Much like the weight of clips that show Fernando Torres, Gervinho and Nicklas Bendtner missing sitters, those few seconds of a directionless, dying-on-his-feet Fellaini came to define him. They will live on whatever comes next, but for a while last season that run was his social media calling card.

Some players rebound from such humiliation (see Gervinho). Others repeat the same mistake (see Torres). The internet couldn't care less what happens, as long as we're laughing. For every Erik Lamela rabona, there's a David Dunn attempt that ends with him falling over his legs.

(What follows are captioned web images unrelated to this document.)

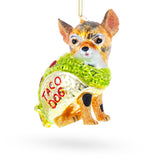 Glass Taco Dog Blown Glass Christmas Ornament in Yellow color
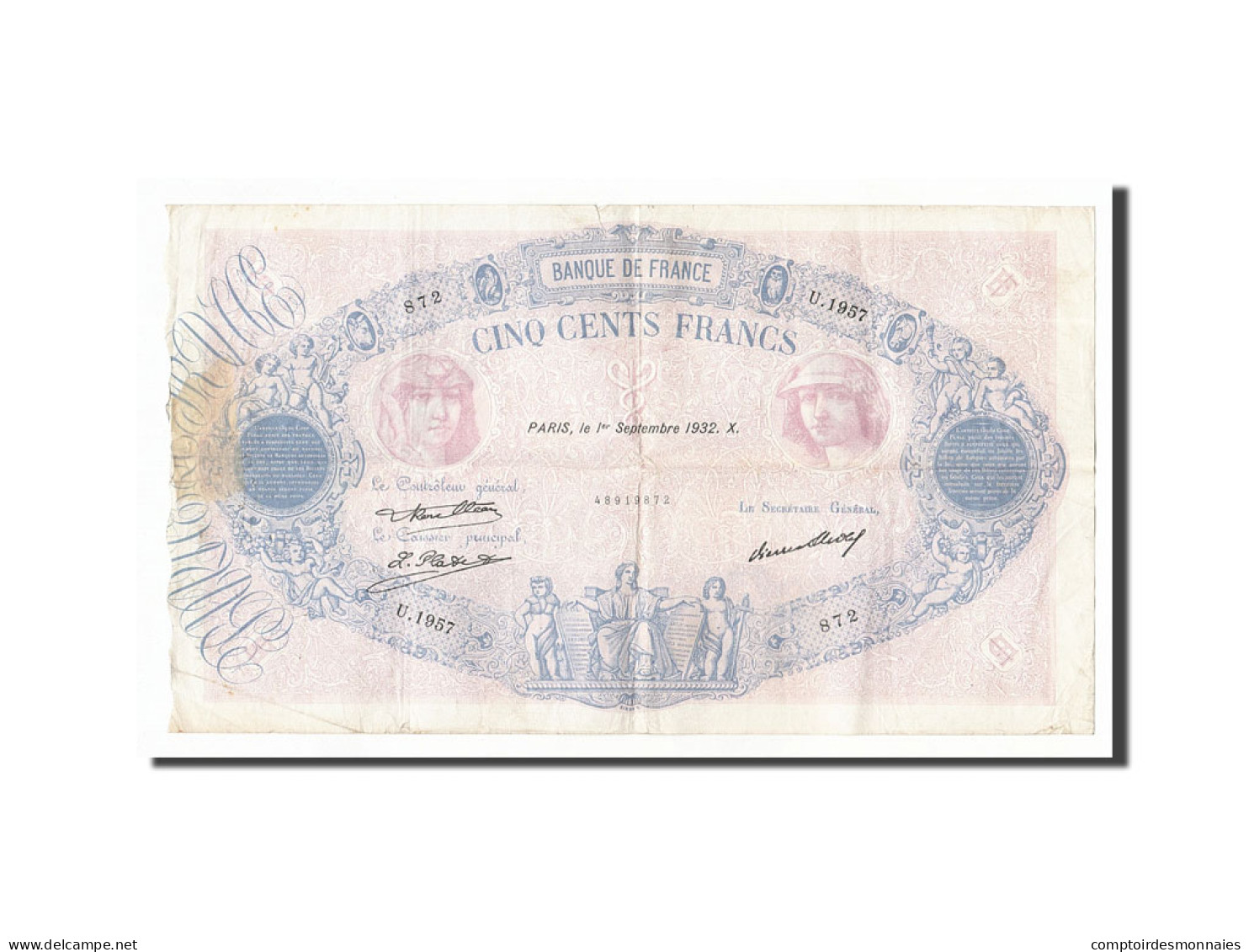 Billet, France, 500 Francs, 500 F 1888-1940 ''Bleu Et Rose'', 1932, 1932-09-01 - 500 F 1888-1940 ''Bleu Et Rose''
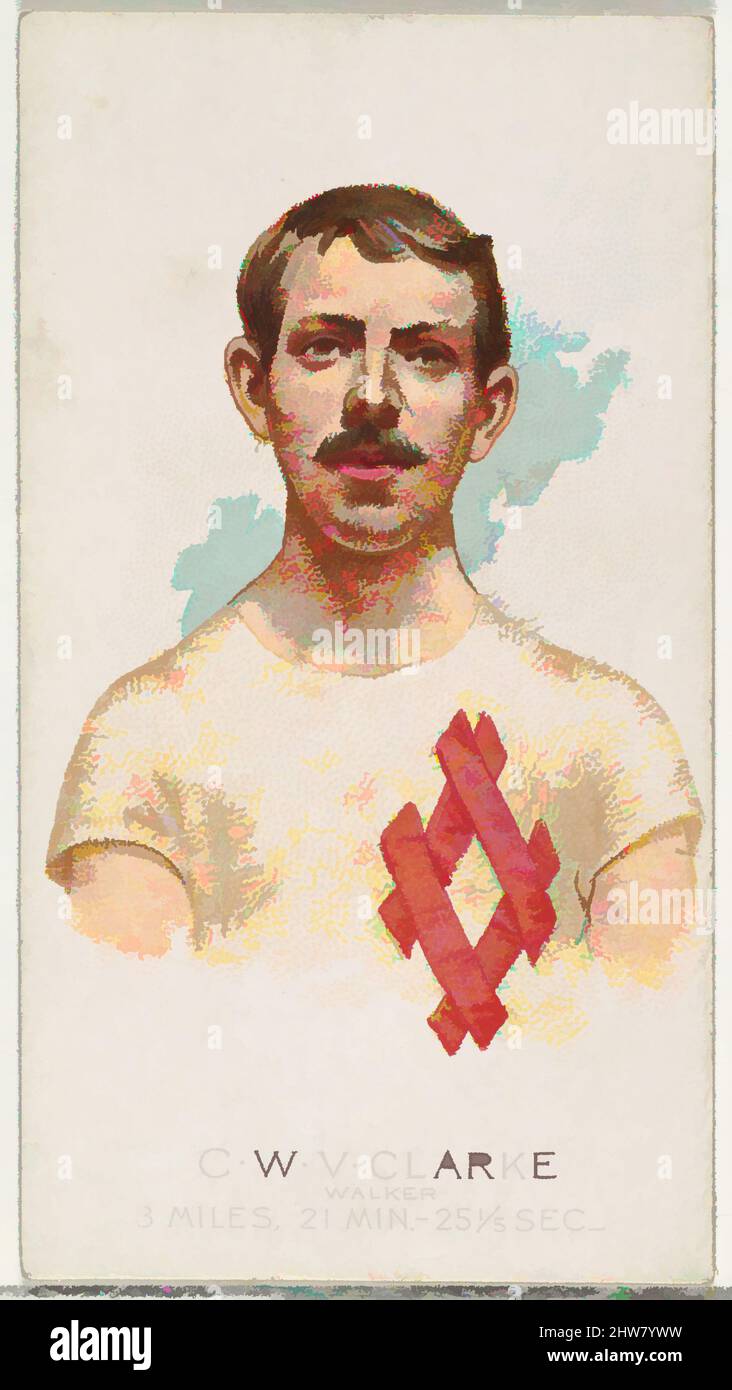 Arte ispirata a C.W.V. Clarke, Walker, della World's Champions, Serie 2 (N29) per sigarette Allen & Ginter, 1888, litografia commerciale a colori, foglio: 2 3/4 x 1 1/2 poll. (7 x 3,8 cm), carte commerciali da 'campioni del mondo', Serie 2 (N29), pubblicato nel 1888 in un set di 50 carte per promuovere, opere classiche modernizzate da Artotop con un tuffo di modernità. Forme, colore e valore, impatto visivo accattivante sulle emozioni artistiche attraverso la libertà delle opere d'arte in modo contemporaneo. Un messaggio senza tempo che persegue una nuova direzione selvaggiamente creativa. Artisti che si rivolgono al supporto digitale e creano l'NFT Artotop Foto Stock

Everything in football is death or glory these days. Gifted players are gods or gone missing, and nothing between. It's the price of real talent and it's paid by likes of Jack Wilshere, Wayne Rooney and Eden Hazard every week in the Premier League.

Fall and rise. Repeat. Each cycle as predictable as the last, yet still we indulge it.

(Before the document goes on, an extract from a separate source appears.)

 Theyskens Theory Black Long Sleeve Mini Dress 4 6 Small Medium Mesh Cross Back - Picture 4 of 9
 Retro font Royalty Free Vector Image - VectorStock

We can all agree Fellaini's season horribilis under Moyes was particularly bad however. Club legend Bryan Robson has reasoned he struggled to adjust to the "expectations" of United, both in terms of the stature of the club and the attacking football the fans pay to see.

Firstly, it's Manchester United. Secondly, it's called "the Theatre of Dreams". Who did he think he was signing for?

Whatever happened to Fellaini last season was in part due to injuries, in part due to the general malaise under Moyes, and in part down to the adjustment of changing clubs. And while it fits the agenda to say he was dreadful all season, Fellaini only made 16 Premier League appearances, with four as a sub.

But his timing was awful. A Moyes signing, who'd played for Moyes before, playing badly in a really bad Moyes team. Hardy the way to win over a new set of Moyes-hating fans, was it? 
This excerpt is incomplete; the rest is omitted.